When doing some bigger projects - like this one - I like to build it in blocks, test each one separately and then, when everything seems to be OK, connect it together. Sometimes I use one block to test some other. So I made OLED display running and used it to debug SD card connection and FAT filesystem. Now, as I started to work on AVR ISP programming routines, I decided to connect keyboard first and make it running.The keyboard is simple 4x4 matrix keyboard, I bought it locally, though it looks like quite generic 4x4 telephone type keyboard.

It occupies all 8 IO lines of PCF8574 I2C port expander and the algorithm for reading the keyboard state is quite simple, actually and described many times before. For now, I setup the keyboard routine to read the keyboard state and return keypad number, this is enough to serve as simple user input for debugging purposes. Let's move on.

As I wrote before, the target AVR is connected and responds to simple ISP commands, giving me hope to finish the programming routines soon. Programming of AVR FLASH is done on page basis, where you must load the FLASH data into page buffer first and just then issue command to write this buffer into FLASH. The only complication is that page size is different for different AVR types (probably because of FLASH internal organization) - and because I want to support the ATtiny2313, ATtiny85 and ATmega328 at least, I have to make the page size switchable.

Page size table for ATmega88/168/328

Page size table for ATtiny25/45/85

Page size for ATtiny2313

Basically, it looks like the programmer should support at least 16-64 words (each two bytes) long pages. No big deal, but fixed size page would be nice.

To test the programming algorithm, I wrote simple software, exercised by key presses, with result fed to serial terminal. Number one started device ID check, number two read first 16 words of FLASH memory, number 3 erased the whole FLASH and key A started programming of FLASH with simple binary to blink a LED. The binary is hand-assembled and temporarily stored in arduino FLASH

sbi 0x11, 0x6 ;clear DDRD, bit 6
sbi 0x12, 0x6 ;turn LED off
cbi 0x12, 0x6 ;turn LED on
rjmp PC-0x2 ;jump up, to turn LED off

This should turn LED on and off - probably not to see with naked eye, but oscilloscope or logic analyzer should show it. The source results in this simple 8-byte machine code

stored temporarily in arduino FLASH. For now, I'm not messing with reading the binary from SD card, I'll implement this later, once the AVR ISP routines will be debugged.

Well, integration of the newly programmed keyboard routines and AVR ISP FLASH programming works fine:

Not

Notice, the FLASH is empty after first "2" command (reading FLASH), but contains the binary after "3" (erase, not needed for empty FLASH, but anyway) and "4" (load FLASH) commands.
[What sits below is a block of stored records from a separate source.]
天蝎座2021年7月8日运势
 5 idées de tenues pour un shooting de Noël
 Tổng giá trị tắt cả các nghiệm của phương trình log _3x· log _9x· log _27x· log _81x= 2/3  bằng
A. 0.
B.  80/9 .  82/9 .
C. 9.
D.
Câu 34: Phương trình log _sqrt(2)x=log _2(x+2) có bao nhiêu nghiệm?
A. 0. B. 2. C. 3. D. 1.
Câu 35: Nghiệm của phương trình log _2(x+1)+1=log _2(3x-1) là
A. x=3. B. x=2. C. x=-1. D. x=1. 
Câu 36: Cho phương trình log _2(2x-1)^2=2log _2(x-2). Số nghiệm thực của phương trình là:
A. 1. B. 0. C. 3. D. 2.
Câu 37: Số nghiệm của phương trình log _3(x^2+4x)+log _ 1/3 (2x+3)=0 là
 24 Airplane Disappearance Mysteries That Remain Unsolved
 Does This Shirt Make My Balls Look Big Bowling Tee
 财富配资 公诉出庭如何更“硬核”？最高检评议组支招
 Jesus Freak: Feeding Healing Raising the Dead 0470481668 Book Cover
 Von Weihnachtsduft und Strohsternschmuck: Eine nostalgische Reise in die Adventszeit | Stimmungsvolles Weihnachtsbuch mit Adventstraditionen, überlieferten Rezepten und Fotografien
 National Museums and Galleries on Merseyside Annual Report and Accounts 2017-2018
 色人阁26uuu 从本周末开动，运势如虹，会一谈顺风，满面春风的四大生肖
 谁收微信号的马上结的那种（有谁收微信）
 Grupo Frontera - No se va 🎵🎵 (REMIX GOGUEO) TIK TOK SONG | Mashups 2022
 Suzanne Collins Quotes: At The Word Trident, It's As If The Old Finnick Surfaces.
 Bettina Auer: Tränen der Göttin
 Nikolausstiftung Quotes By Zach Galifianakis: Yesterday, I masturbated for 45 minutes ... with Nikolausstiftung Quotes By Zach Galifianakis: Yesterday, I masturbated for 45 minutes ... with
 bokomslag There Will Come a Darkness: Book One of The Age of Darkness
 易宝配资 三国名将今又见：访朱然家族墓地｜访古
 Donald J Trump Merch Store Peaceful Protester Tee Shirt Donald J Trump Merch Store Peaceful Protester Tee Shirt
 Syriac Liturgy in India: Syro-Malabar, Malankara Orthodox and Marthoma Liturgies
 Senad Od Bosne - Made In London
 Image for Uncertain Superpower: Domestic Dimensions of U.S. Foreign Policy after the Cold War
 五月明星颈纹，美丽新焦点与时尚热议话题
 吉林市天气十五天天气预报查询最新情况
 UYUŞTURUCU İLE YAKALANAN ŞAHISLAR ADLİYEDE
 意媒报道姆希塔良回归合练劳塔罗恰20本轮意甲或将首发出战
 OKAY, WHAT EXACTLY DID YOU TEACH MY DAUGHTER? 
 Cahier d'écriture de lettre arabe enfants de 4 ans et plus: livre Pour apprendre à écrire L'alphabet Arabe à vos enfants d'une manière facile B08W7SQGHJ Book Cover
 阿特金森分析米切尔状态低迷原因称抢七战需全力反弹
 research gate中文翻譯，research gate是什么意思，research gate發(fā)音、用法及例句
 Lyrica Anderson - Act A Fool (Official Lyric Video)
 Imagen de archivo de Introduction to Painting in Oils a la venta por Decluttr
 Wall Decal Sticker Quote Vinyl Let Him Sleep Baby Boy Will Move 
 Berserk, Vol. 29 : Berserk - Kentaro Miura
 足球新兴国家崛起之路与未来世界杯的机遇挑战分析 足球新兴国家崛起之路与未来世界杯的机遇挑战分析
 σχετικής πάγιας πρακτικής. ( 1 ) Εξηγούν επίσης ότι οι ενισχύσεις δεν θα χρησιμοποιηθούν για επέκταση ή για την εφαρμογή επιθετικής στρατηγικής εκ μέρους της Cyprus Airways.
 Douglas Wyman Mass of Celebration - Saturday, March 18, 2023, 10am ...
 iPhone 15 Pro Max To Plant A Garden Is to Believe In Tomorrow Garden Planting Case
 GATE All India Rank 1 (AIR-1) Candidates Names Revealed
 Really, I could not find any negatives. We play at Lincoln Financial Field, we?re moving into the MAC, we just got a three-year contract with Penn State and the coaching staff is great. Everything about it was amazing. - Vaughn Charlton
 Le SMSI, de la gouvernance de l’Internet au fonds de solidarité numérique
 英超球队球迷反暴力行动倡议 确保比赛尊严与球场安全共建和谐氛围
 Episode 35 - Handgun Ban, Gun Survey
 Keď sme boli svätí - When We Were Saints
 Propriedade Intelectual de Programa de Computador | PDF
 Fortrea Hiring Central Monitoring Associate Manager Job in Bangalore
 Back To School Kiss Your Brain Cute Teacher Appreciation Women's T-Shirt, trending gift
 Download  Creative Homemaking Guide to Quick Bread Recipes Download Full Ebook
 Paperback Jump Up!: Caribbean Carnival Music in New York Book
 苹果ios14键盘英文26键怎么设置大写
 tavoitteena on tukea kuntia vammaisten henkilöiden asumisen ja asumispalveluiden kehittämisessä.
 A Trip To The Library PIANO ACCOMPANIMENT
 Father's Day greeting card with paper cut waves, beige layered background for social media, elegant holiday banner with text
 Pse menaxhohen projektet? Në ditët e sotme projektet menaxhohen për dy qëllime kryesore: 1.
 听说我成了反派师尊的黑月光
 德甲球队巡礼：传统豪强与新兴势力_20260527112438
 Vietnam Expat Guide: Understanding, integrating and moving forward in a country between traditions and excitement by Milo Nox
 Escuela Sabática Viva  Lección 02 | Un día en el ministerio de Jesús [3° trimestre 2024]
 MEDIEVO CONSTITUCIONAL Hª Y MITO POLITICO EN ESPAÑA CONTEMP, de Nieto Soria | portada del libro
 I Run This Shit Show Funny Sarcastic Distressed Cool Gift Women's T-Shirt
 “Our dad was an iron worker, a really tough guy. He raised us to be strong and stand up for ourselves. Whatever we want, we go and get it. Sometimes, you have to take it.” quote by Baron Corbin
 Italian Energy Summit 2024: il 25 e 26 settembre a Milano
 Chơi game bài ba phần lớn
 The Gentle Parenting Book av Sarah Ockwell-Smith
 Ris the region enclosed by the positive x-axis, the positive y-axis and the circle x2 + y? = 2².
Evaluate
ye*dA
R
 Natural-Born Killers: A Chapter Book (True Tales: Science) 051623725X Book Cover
Yay!

Oh yes, and the target ATtiny2313 does what I would expect. The LED on pin 11 (PD6) looks like just dimly shines, but oscilloscope shows fast squarewave on the pin:

Because the sbi, cbi and rjmp instructions took two clock cycles (6 cycles for the complete loop) and the default clock is internal 8MHz RC oscillator, divided by 8 (resulting in 1MHz clock), I would expect something like 166,66kHz (1MHz/6) frequency. Scope shows 164kHz, what is quite nice and small deviation. The RC oscillator is temperature dependant, so I put my finger on the ATtiny2313 package for a few seconds:

Approximately 0,5% shift. Bear this in mind next time you'll be designing something with internal RC oscillator of AVR MCU.

This is progress for last night, now I'm going to clean up the ISP FLASH programming routines and link it with SD card routines to get really usable programmer. Oh, it's 28th, time to finish the contest runs like crazy and I still have a lot of work.